Stored items:
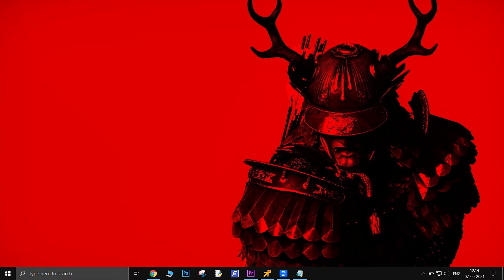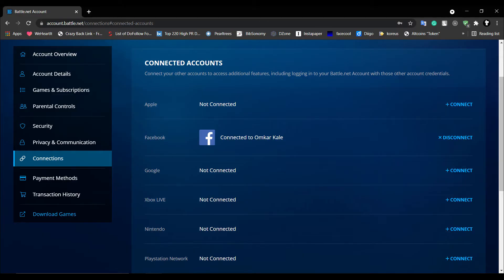The next thing you need to try is relink your Blizzard and Xbox account. Go to the Blizzard website, log into your account, navigate to the connections tab, and double check the Xbox Live connection. Unlink and relink the account to ensure everything is working. After linking, wait for the email confirmation.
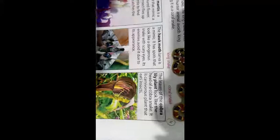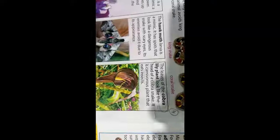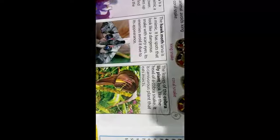Third is the cobra lily plant — its head looks like a snake's head. This is a carnivorous plant. It looks like a flower, but when insects land on it, it eats them.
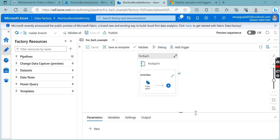Welcome to my channel The Cloud Box. This is the next video inside the Data Factory playlist. If you have not watched my previous videos, I would request you go and watch — I have already uploaded many videos on the Data Factory. All those videos are related to data engineering on Azure. Today we are going to discuss about triggers.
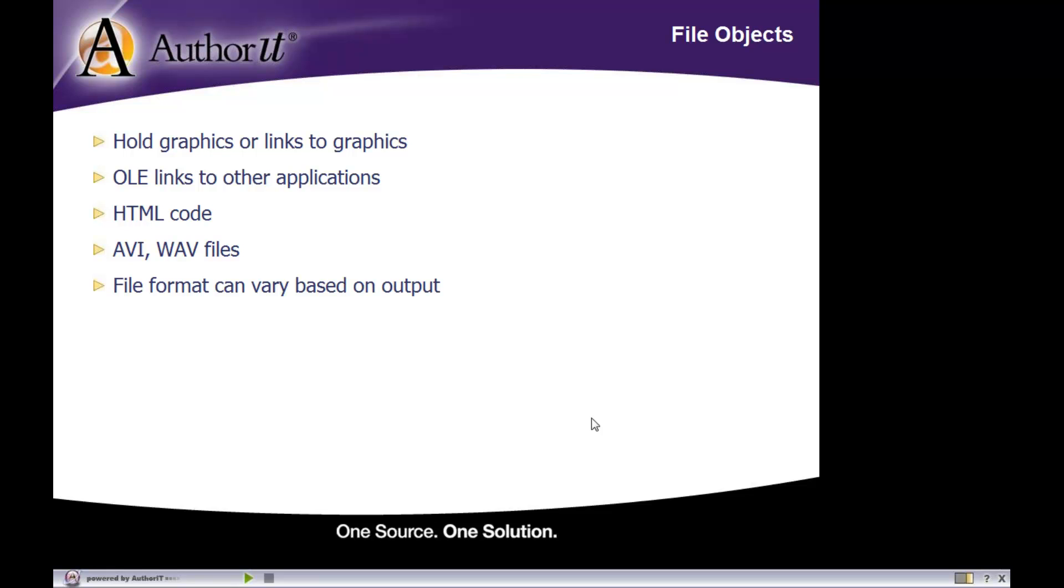Now, the file format that you can link to in a file object is dependent on the output format. So, some file formats are compatible with Microsoft Word and PDF, while others are compatible with your help file formats or your HTML format. So, depending on the output format that you're publishing to, you just have to be mindful of whether that file format is compatible with the output that you're going to be publishing that file object to.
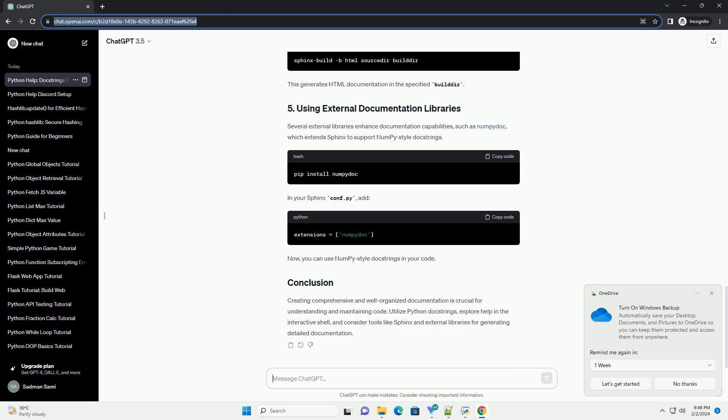Use the help function in the interactive shell to access documentation for modules, functions, classes, and methods.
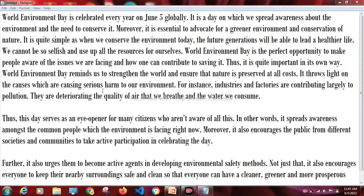World Environment Day is celebrated every year on June 5th globally. It is a day on which we spread awareness about the environment and the need to conserve it. Moreover, it is essential to advocate for a greener environment and conservation of nature.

▶ **Instructions for the task**
From the line that contains "Use the help" to the final line of the entries, reproduce every line exactly, both ends included. Leave out all pictures.

▶ **Your response**
Use the help function in the interactive shell to access documentation for modules, functions, classes, and methods.
World Environment Day is celebrated every year on June 5th globally. It is a day on which we spread awareness about the environment and the need to conserve it. Moreover, it is essential to advocate for a greener environment and conservation of nature.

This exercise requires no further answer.